Yıllardır bangır bangır gelen iklim değişikliği, kuraklık, su krizi bunları zaten biliyordunuz. Bilmiyorsanız bile DEVA Partisi bunu söylüyordu.”

“Sayıştay raporlarında doğru su yönetiminin formülü yazıyor”

Türkiye’nin su sorunu ile ilgili durumunun çok iyi bir noktada olmadığına vurgu yapan Rızvanoğlu, “O yüzden çok acil önlemlerin alınması gerekiyor. Evet seferberlik tabi ki yapılsın. Bununla beraber suyun doğru yönetim mekanizmasının da kurulması gerekiyor. Son Sayıştay raporlarına bakılsa bile emin olun doğru su yönetiminin formülü orada yazıyor” değerlendirmesinde bulundu.

Yenidoğan çetesi soruşturması: Mağdur aileler müşteki olarak sürece dâhil olmalı Yenidoğan çetesi soruşturması: Mağdur aileler müşteki olarak sürece dâhil olmalı

“Su yönetiminde ciddi sorunlar var”

Suyun insanın yaşam sebebi olduğuna dikkat çeken Rızvanoğlu, seçim bölgesindeki en güncel konulardan birinin su sorunu olduğunu ve barajlardaki doluluk oranlarının son 10 yılın en düşük seviyesinde olduğunu söyledi. Rızvanoğlu, sözlerini şöyle sürdürdü:

“Ülkemiz su stresi altında olmasına rağmen, su yönetiminde ciddi sorunlar var. Devlet Su İşleri Genel Müdürlüğü 2022 Sayıştay raporunda, su yönetimine ilişkin çok önemli tespitler var.
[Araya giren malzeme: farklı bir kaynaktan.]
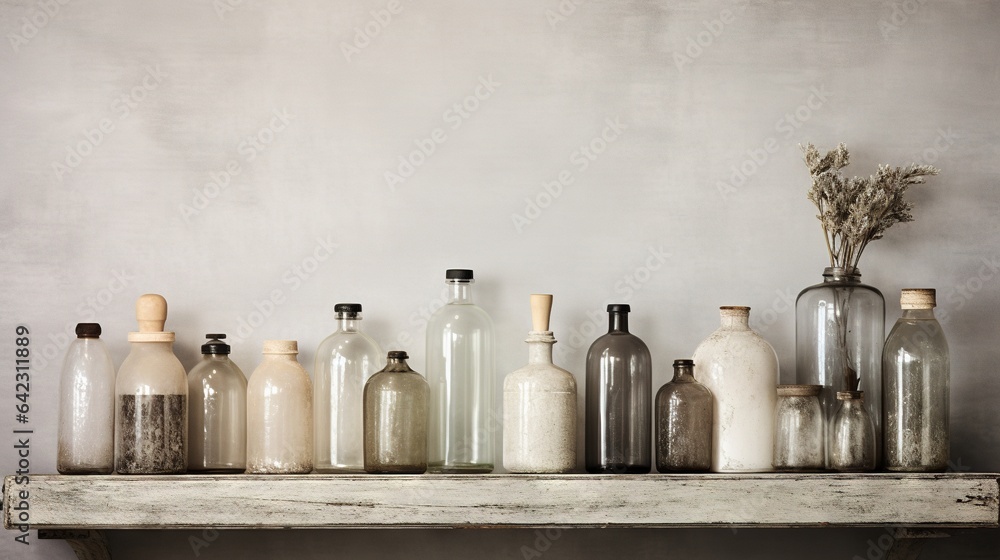 Poster a bunch of bottles are lined up on a shelf next to a plant. generative ai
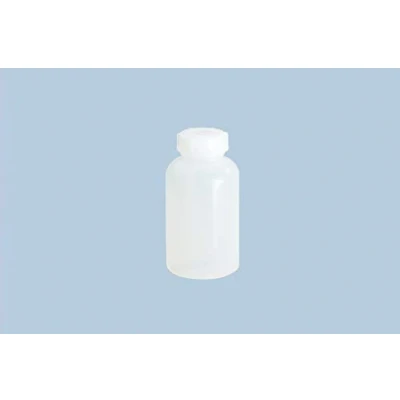 Abbildung von hünersdorff Weithalsflasche zum Befüllen mit Schraubverschluss aus LD PE (bruchsicher und lebensmittelgeeignet), 200 ml, transparent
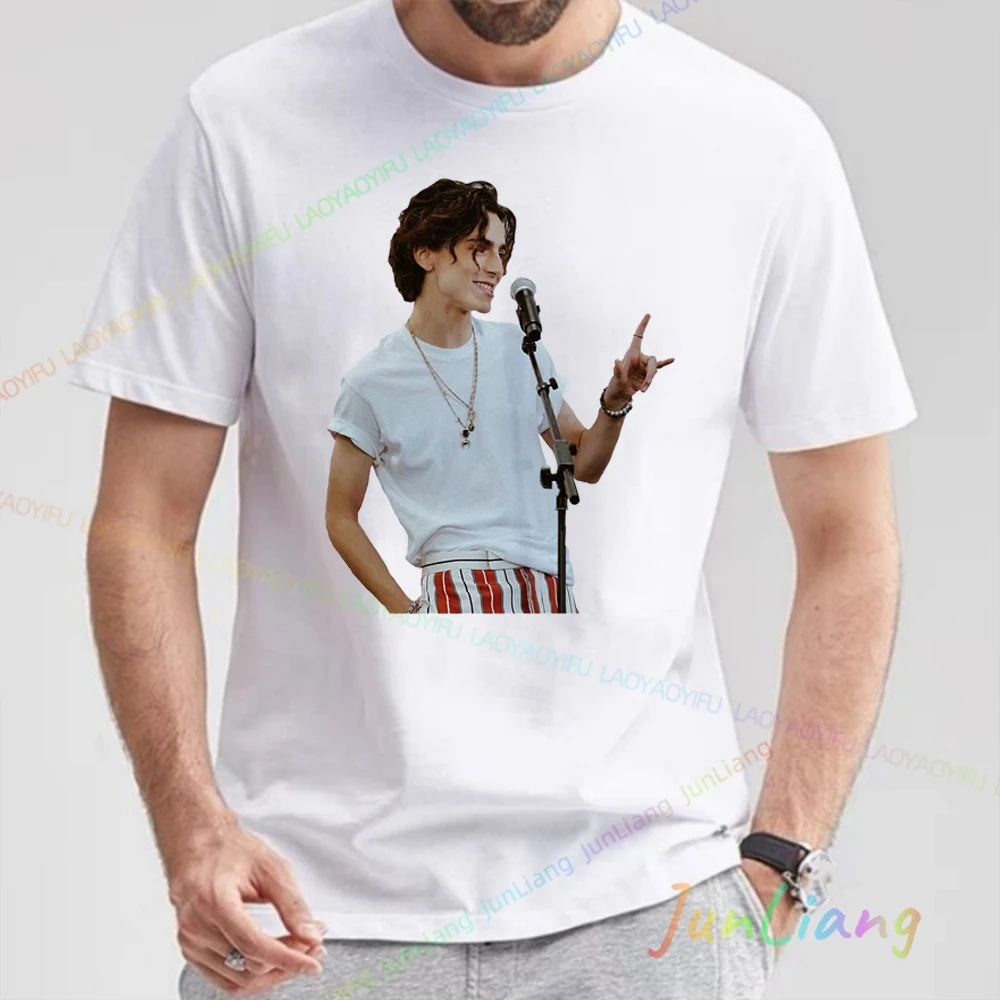 Timothee Chalamet-Camiseta divertida para hombre y mujer, ropa Unisex, 100% de algodón, camisetas y camisetas, camiseta de regalo de cumpleaños para seguidores de los años 80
Rapordaki bulgularda şöyle yazıyor; ‘havza rezerv su miktarını aşan miktarda su tahsisi yapılmış. Su tahsislerine ilişkin denetim yapılmamış.’ Yani hem tahsis aşaması hem de sonrası doğru yönetilememiş.

“Marmara havzasında rezerv miktarının neredeyse iki katından fazla su tahsisi yapılmış”

Örneğin, Marmara havzasına baktığımız zaman rezerv miktarının neredeyse 2 katından fazla su tahsisi yapılmış. Biz demiyoruz, Sayıştay Başkanlığı diyor! Peki böyle bir durumda, suyu biten havzadan diğer havzaya su transferi kullanımını serbest bırakacak bir sistem kurmayı hiç düşündünüz mü? Suyumuz böyle hoyratça mı yönetiliyor? Örneğin, Türkiye’deki baraj, gölet, basınçlı sulamalı su dağıtım hattı, yağmurlama damlama sistemlerini toplayın, alt alta yazın. Kanal İstanbul’dan çok daha az bir paraya Türkiye’deki bütün sulama yatırımlarını tamamlayabiliyoruz.”

“Su krizi, memleket meselesi ve beka sorunudur”

Su seferberliği evrağında bunları yapacağız diyorsunuz da ne zaman yapacaksınız? Nasıl yapacaksınız? Bilgilendirme yok. Plansızlık, programsızlık hataları var bu işte. Bu konuda bakış açısının değişmesi gerekiyor. Su konusunu memleket meselesi haline getirmezsek ‘projelerle seferberlik başlattık’ deriz. Su krizi konusu memleket meselesi ve beka sorunudur.”